After all this, i became a very reserved and hesitant person. I felt very reluctant and never shared my feelings, thoughts and emotions with anyone at home. Children do not express their feelings unless parents ask them and develop such relationship with them. I became shy and very hesitant in expressing my thoughts. It always made me depressed and I used to compare my parents to other kid’s parents. I could never have enough courage to talk to my sister and mother like other mothers and sisters do. i felt so distant.

Today I feel that my mother did not take care of my anything. Parents are responsible not only for feeding, giving clothes and education to their kids. they should instill confidence in their children. They should give them religious education and a good training. They should build their self confidence. My parents should have talked to me and my sister. They should have asked us that why are we so distant and why we are not like other sisters? But they never noticed it.  They have not done anything.

I used to get so emotional and had tears in my eyes when I saw my cousins and friends loving and talking to their mothers and sisters. I was badly in need of attention from my family. But I always felt so isolated. this isolation and desperation ruined my life.

Now i am doing a job. its been 3 years i am doing this job in the same company. my boss is 56 years old and have 3 kids. he has a daughter of my age. when i started this job, he used to ask me about my likes and dislikes. maybe he got an idea of my weak points. Then he started taking me out for lunch and said that I should take care of myself and should not miss my meal. he used to give me attention and took me out for lunch every day. I got emotionally attached to him too quickly and easily due to these things. Although i had an idea of his intentions but still i started liking him. he used to talk about his siblings and parents with me. I felt that they people love so much each others. they hug and care for each others.

I wished I were part of his family. I started longing to be his family. I wanted to meet his siblings and parents. i wanted to feel his kids love for me too. I wanted to have a frank and very good relationship with his kids like my sister has with her husband's first wife kids. I even wished to have a good relationship with his first wife. i had one thing in my mind that my sister is married with a married person and she is very happy and has a very good relation with his first wife and kids so maybe i could marry to my boss and could have everybody's love.

My boss used to say that his wife is very good by nature but she does not look attractive and is very obese. and he wanted to have someone who look attractive and could take care of his interests. one day he took me out for lunch. when we came back to office, everybody was left. he came closer.  it was very difficult for me to control. he asked me to come to his room and had sex with me without asking me. i could not stop him and then this physical relationship continued for almost 1.5 years.

During this period, I started feeling that he is only interested in sex. He hurt me mentally so many times with his gestures. He has a female ex- business partner who is very close to him. I always had a doubt that he might be having a physical relation with her as well. He always avoided talking to her in front of me. Whenever she came to office, my boss asked me not to come to his room in her presence. This made me upset and he always hurt me because of her.

My boss's elder brother died and he remained very busy with his family in those days. I wanted to support him. But he gave me no attention.  He said he is very upset and have no time for me.  After 3 or 4 days he came to office. He used his laptop. When he left, I switched on his laptop and searched for the history. There were so many porn websites in the history. He watched all that stuff. I felt very bad.  I completely turned off by his attitude, gestures, and his body language of lust. I started staying away from him. I stopped getting physical with him.

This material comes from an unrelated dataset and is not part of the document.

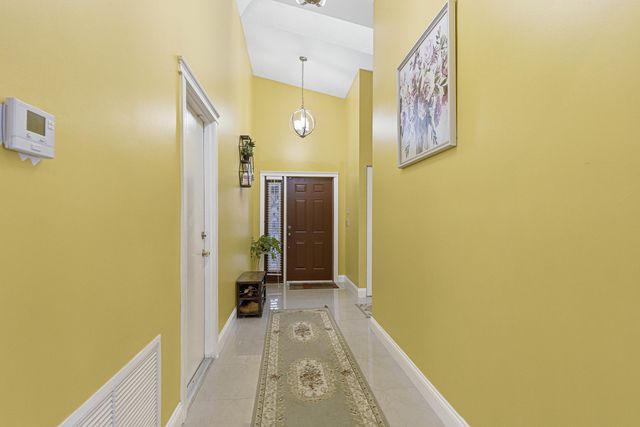 7040 Golf Pointe Circle, Tamarac, FL 33321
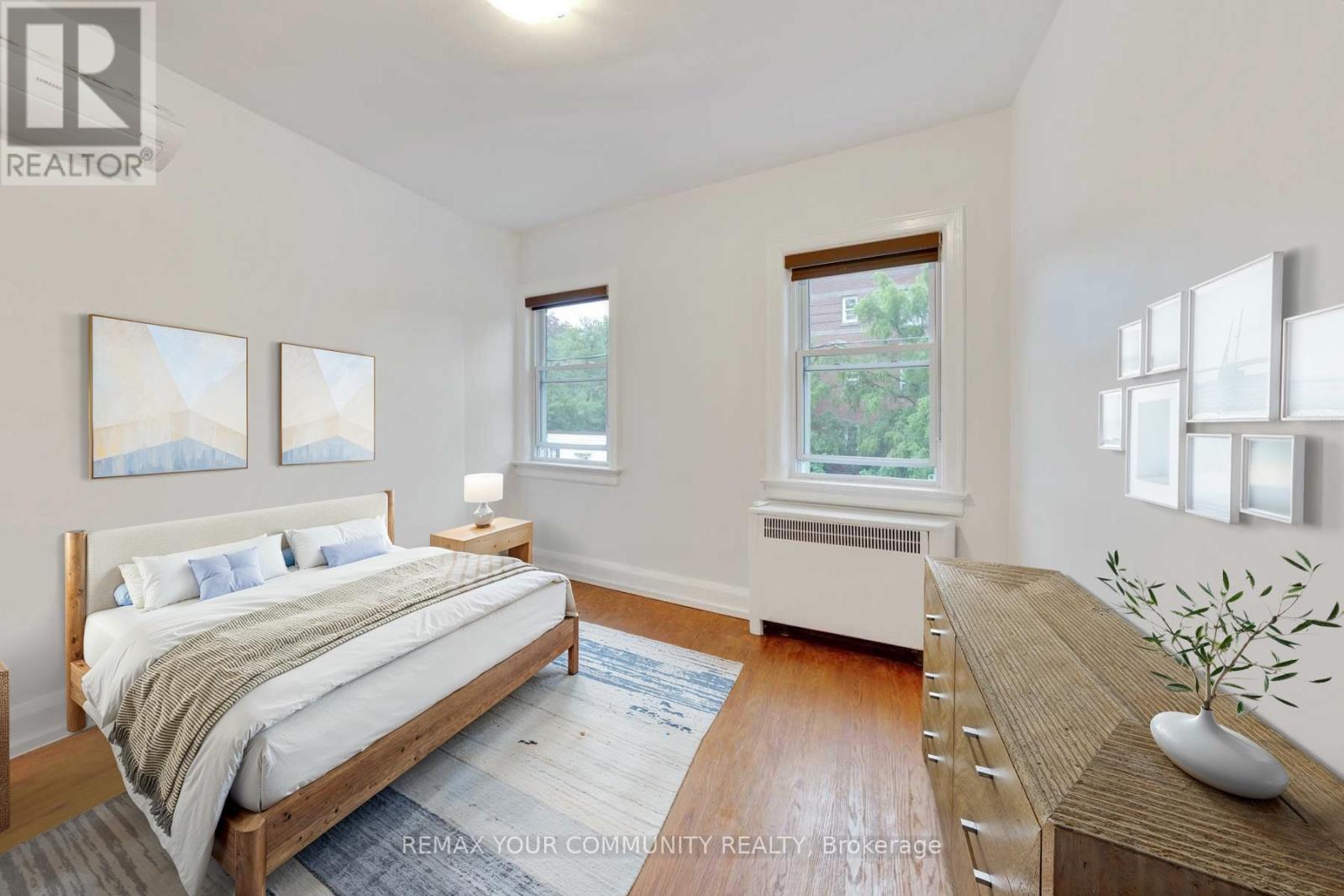 2nd Floor - 864 Millwood Road N, Toronto, Ontario  M4G 1W6 - Photo 6 - C13168814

Now here comes the most miserable and regretful part of my life. His elder son is 2 years younger than me. I started talking to him because I wanted to develop a good relationship with his kids. I wanted to be his kids’s friend so they may not hate me if I married their father ( I know it sounds disgusting). I told my boss that I talked to his kids.

His son used to come with us when we went out of city for meetings with clients and on shoots.  I always had a very good and positive thinking for his son. I never had any bad intentions for him. We used to talk little while on shoot and meeting. He used to ask me about my future plans. He also asked me about my marriage plan.

I told him that I don’t want to marry here and I will be going out of country very soon and will stay there for rest of my life. I will get married with someone over there. As time went on, we started talking more and more. I never thought that his son would start having some feelings for me. One night when we came back from shoot, we were sitting together in van behind my boss's seat.  My boss was sitting on front seat. me and his son kept on talking. I liked sitting and talking to him.

After that, whenever we went out for shoot and meeting, we always wished and waited to sit together in van. My boss always sat on front seat. this brought us closer together. We started talking on text messages daily. His son is very innocent and a good guy. I could felt his feelings for me. I started thinking that why cant I be with this guy? i have a right to be happy and wish for a good and a young guy. I should not suppress my feelings. I started loving him.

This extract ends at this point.